I am a man who has been married for more than 20 years. I have two teenage children. 2 years ago I had a torrid affair with a colleague - a divorced woman - for about 3 months until it was found out by my wife. After a painful and tearful discussion over several days, I reassured her that I will stay with her and that our marriage was safe.I said to her that the affair was just a silly fling and there was no emotion involved at all.

I did the decent thing and preserved our marirage, right? I never admitted to my wife that the woman worked with me. So for the last two years, I continued to see the "other woman" as a colleague but did not do anything else except for some discrete flirting in the office (which I felt suitably guilty about on occasions). No clandestine meetings or physical contact at all for the last two years despite constant invitations from her. She said until recently she still had"feelings" for me despite trying out new relationships with others. There were two main ones and both were platonic according to her. I had even encouraged her to find new relationships.

recently she said she had met a new divorced man with whom she had a lot in common. They have obviously a physical relationship and she says she finds him "nice" although he is not that physically attractive.

From the start of the affair I never promised i would leave my wife. Even during it I said a divorce would not be possible. Now that she has found a new person, I feel extremely upset. I have even tried to "test" their new relationship by pestering her to meet up (which I had constantly refused in the last two years) .

Am I being completely unreasonable? Can you understand why I am feeling like this?


Colin
.

Replies:
Messages:

"an affair - a story from the other side "

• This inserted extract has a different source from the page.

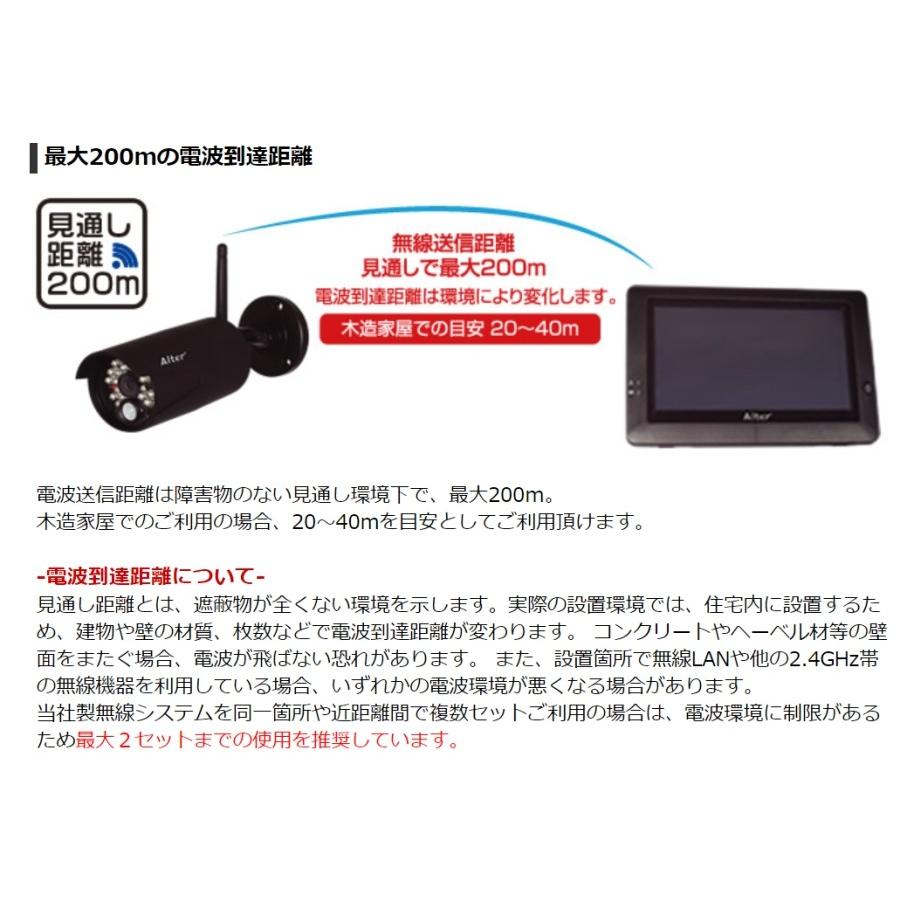 キャロットシステムズ オルタプラス ハイビジョン無線カメラ モニター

You dont deserve your wife,You cause all this pain in your marriage,yet your still playing about.Your meant to be a married man for christ sake,yet you act like a school kid still thinking you can date your classmates.
I think you should spilt up with your wife so she can find a nice man that loves her and wants to grow old with her.You can then go off with this divorced work collegue move in with her etc,then when the novelty wears off she will cheat on you no doubt.You will cry, sit and wonder why the hell you left and hurt your wife in the 1st place.
Tell your wife I feel for her,I offer her a cuddle as your a waste of space

"an affair - a story from the other side "

Have you heard that saying You want to have your cake and eat it too. I think this could apply to you, you haven't been with this women in two years she has obviously moved on with her life and you continued your life with your wife why would you want to stop this women from being happy by testing the water to see if she is really interested in the person she is dating right now. And yes i do feel you are being unreasonable she has moved on, so you need to let her it's not like you are going to leave your wife for her so why not let her be happy.